Cystamine has also been studied as a potential medicinal compound in the case of Huntington's disease, Alzheimer's disease, carbon tetrachloride liver damage, and inhibition of erythrocyte sickling

== Interactions ==
Cystamine has been shown to bind reversibly with purified DNA in vitro, and imparts a radiation-protective effect to treated DNA. However, in vitro cell culture experiments on mammalian cells treated with cystamine failed to show a radiation-protective effect, whereas treatment with cysteamine did.

Furthermore, cystamine is also able to bind to nucleoproteins. The nucleic acids that form from binding to DNA are more stable than unbound nucleic acids. Binding of cystamine to nucleoproteins makes them precipitate. The disulfides than binds to DNA and precipitate nucleoproteins have an analogous interaction like cadaverine and spermidine with DNA. The affinity of cystamine to DNA plays a role in the toxicity and radioprotecting properties of cystamine.

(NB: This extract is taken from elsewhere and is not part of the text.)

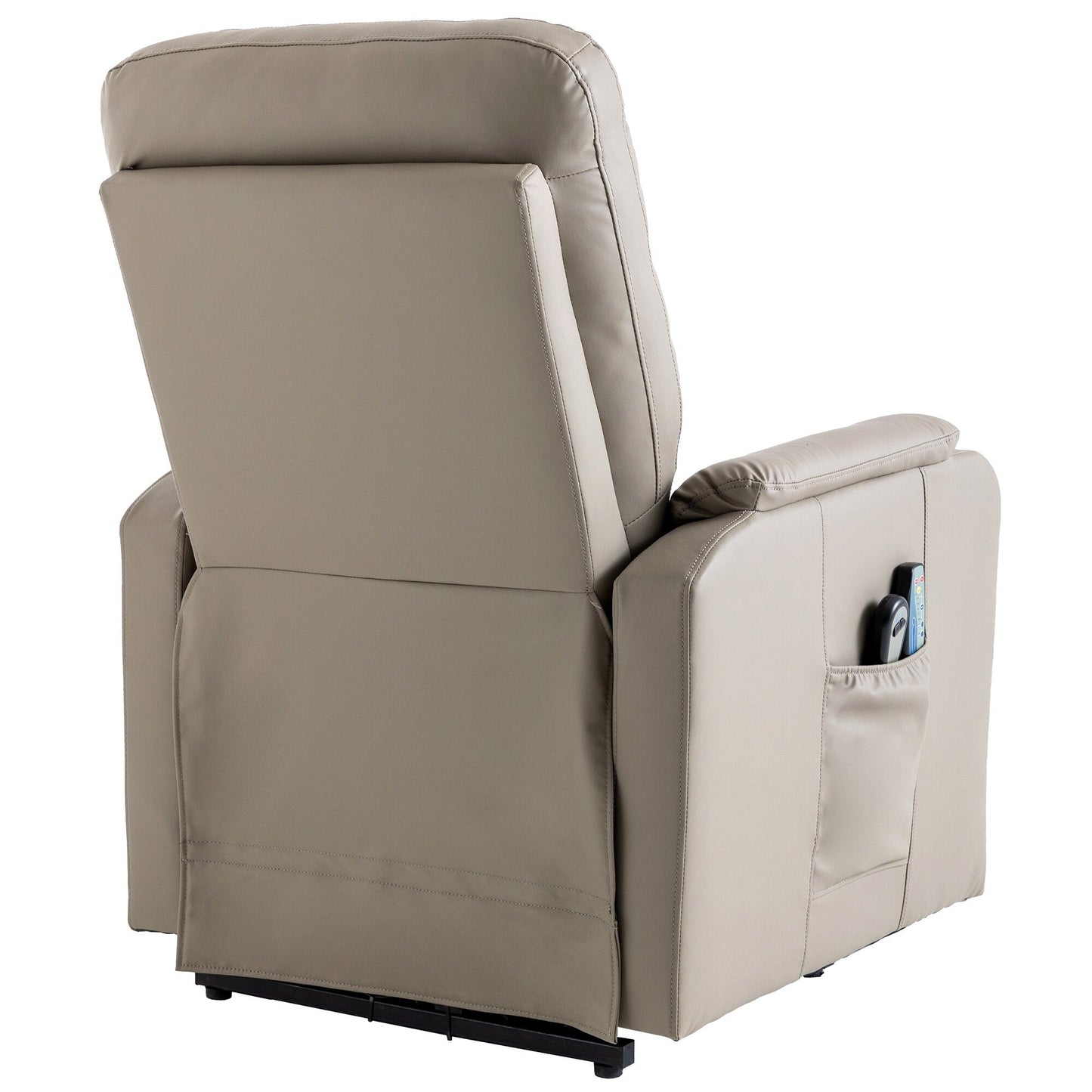 Blue Power Lift Recliner with Massage, Heat, and Side Pocket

Cystamine has also been shown to interact with the production of microtubule assemblies in bovine brain tissue. The interaction of cystamine interferes with the formation of microtubules, thus acting as an anti-microtubule at low concentrations. At high concentrations cystamine induces an abnormal tubulin polymerization. Five cystamine molecules can bind covalently to tubulin, this will cause mediated aggregation of tubulins.

== Toxicity ==
Multiple factors of potential cystamine toxicity have been described relating to hepatoxicity, anti-coagulant activity and skin sensitisation. LD50/48H values after intravenous administration have been described for rats (97 mg/kg of body weight) and mice (155.93 mg/kg of body weight).

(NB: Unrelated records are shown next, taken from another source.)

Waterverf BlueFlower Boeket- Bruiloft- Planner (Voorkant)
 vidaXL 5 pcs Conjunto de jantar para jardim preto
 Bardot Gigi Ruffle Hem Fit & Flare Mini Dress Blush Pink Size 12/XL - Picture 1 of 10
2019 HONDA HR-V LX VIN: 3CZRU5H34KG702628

Cystamine inhibits coagulation factor XIa and thrombin, Therefore, exhibiting anti-coagulant behavior. Furthermore, cystamine can cause liver damage by elevating cytosolic Ca^{2+} levels and subsequently activating a cytosolic proteolytic system. Skin sensitisation is a predicted effect of cystamine being a thiol.

== Metabolism ==
Cystamine in the body is reduced into cysteamine and RS-cysteamine mixed disulfide by thiol-disulfide exchange. This is done by consumption of intracellular glutathione. Cysteamine is oxidized to hypotaurine, which is performed by the enzyme cysteamine dioxygenase. Hypotaurine is oxidized to taurine by reactive oxygen species. Taurine is excreted out of the body or used in the body.